Kettle appeared in 88 first-class matches for Northamptonshire as a left-arm medium-pace bowler and useful tail-end batsman between 1963 and 1970. He scored 1,117 runs with a highest score of 88 and took 179 wickets with a best performance of 6 for 67 against Sussex in 1968. In July 1965 his five-for-53 in the first innings played a key role in a 2-day defeat of Nottinghamshire at Trent Bridge.

He took 2 for 30 and 5 for 58 when Northamptonshire beat the touring West Indians in 1966. His favourite cricket memory came from this match when he took the wicket of Garfield Sobers in both innings (for 45 runs in the first innings and 4 in the second).

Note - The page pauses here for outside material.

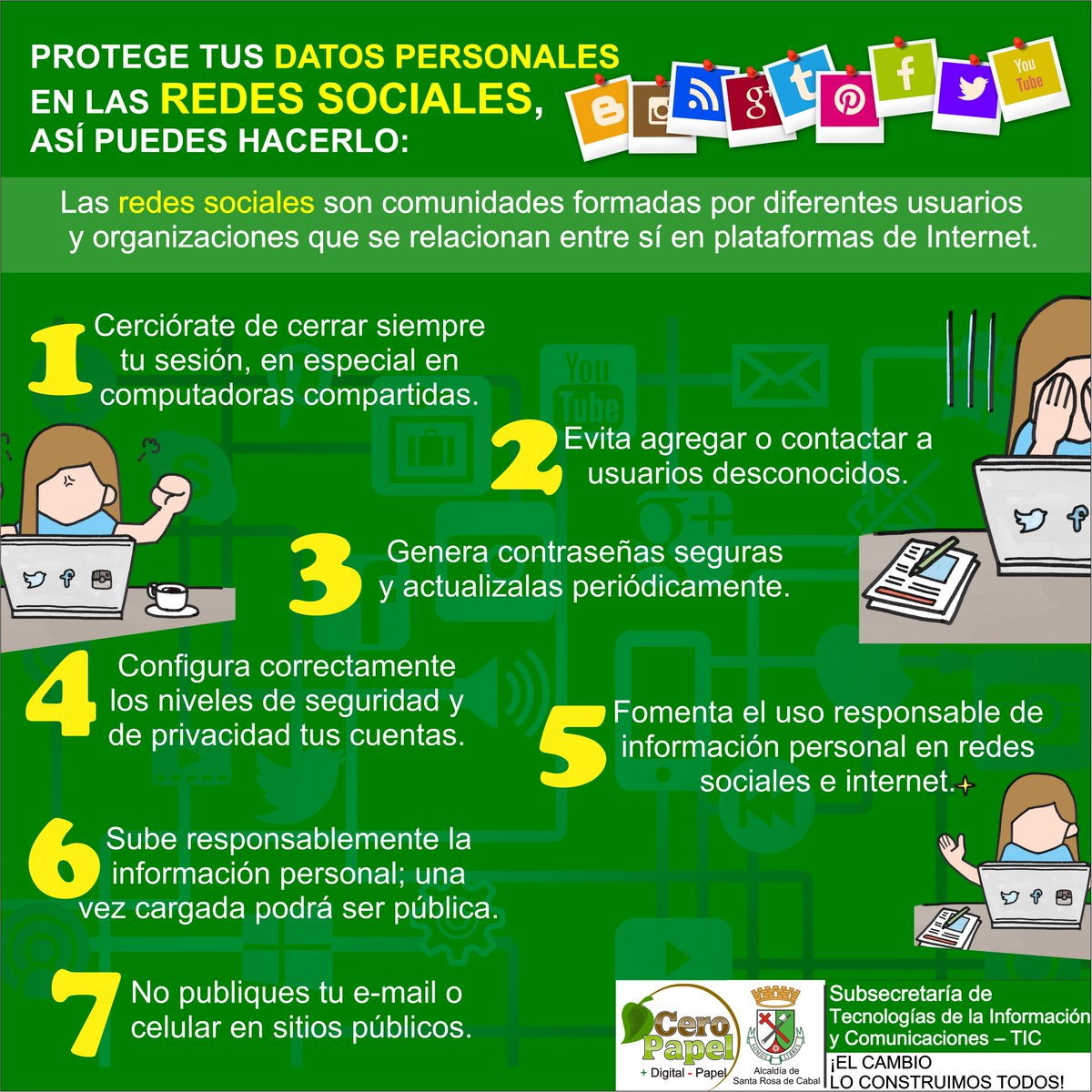 SantaRosaCTIC's tweet photo. Protege tus datos personales en las Redes Sociales, #SantaRosaCiberSegura #ciberseguridad https://t.co/9IEMNYsTXW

Kettle appeared for Rhodesia in a Gillette Cup match against Natal at Salisbury on 8 February 1974. He took one wicket for 47 runs conceded in a match that Rhodesia lost by two wickets with five balls remaining.

== Later life ==
After retiring from playing, Kettle became a cricket coach at Repton School in Derbyshire and also became an umpire. In later life he became a groundskeeper at Mickleover Cricket Club and on 9 September 2024 received Cricket World Magazines Groundcare Lifetime Achievement award at Lord's Cricket Ground. He and fellow winner Alan Hancock worked over two seasons to improve the club's square, which had been left in a very poor condition.